Hmm were to start, the spin on this as I read via news websites is that E come out looking like just another large appraisal shop doing wrong while the big bank is the victim of the appraisal firm’s wrong doing, which in the end makes us (appraisers in whole) look bad.
As I see it, it is just another day in the appraisal business, lender putting pressure one the shoulders of the appraiser to make value and the appraiser given in so they can get work and feed their family. I mean, come on, just change the names of the people in the suite and you can see any of us in that place. Joeblow Appraisals overvalue properties by give in to mortgage broker demands.

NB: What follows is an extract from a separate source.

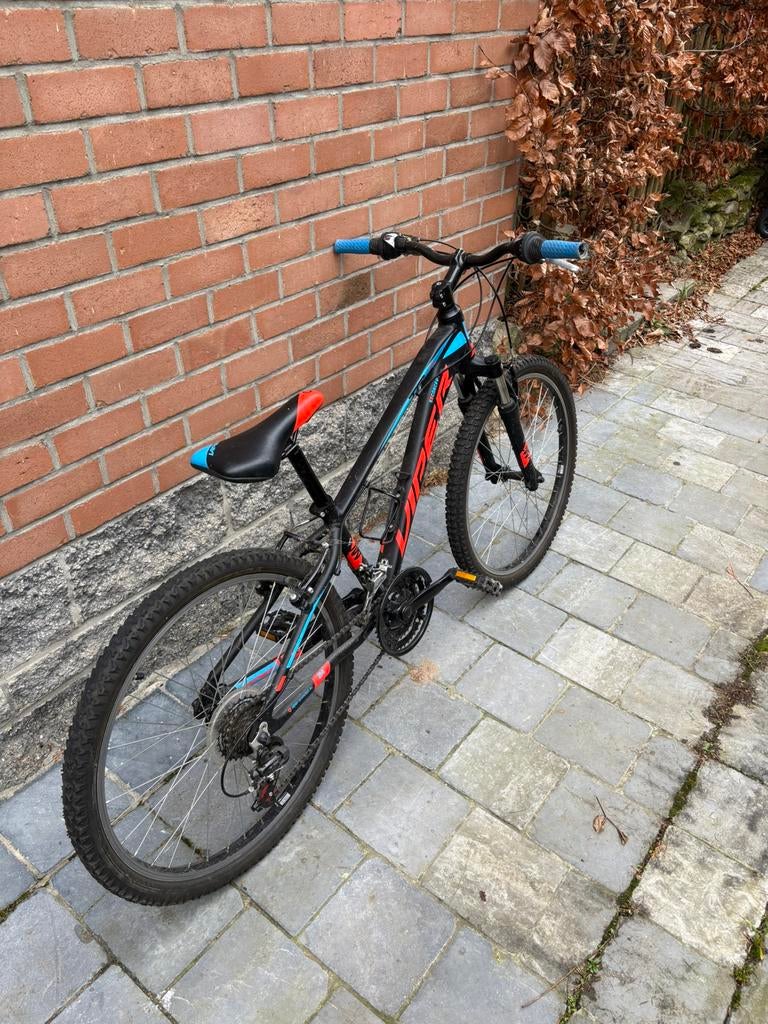 Vtt viper pour enfant, Vélos & Vélomoteurs, Enlèvement, Comme neuf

Put any spin on it, presure on the AMC via Bank, Appraiser via AMC, Appraiser via Loan Officer, Appriaser via Home Owner, Appriaser via RE Agent, it comes out the same, pressure from the money makers to the appraiser.
The heart of Denis’s post #123 is what we should be pressing for, “Here is the significance as I see it: If this case starts and stops with EappraiseIT, then not much will change. If, however, the federal regulators become involved and review the situation and determine that lenders are not overseeing (due diligence) their third-party vendors appropriately, then a lot will change. And that "lot" will be positive change.”
IMHO, if the federal regulators do not get involved to stop it (pressure) where it is starting from, then is just another day in the appraisal world and nothing will change.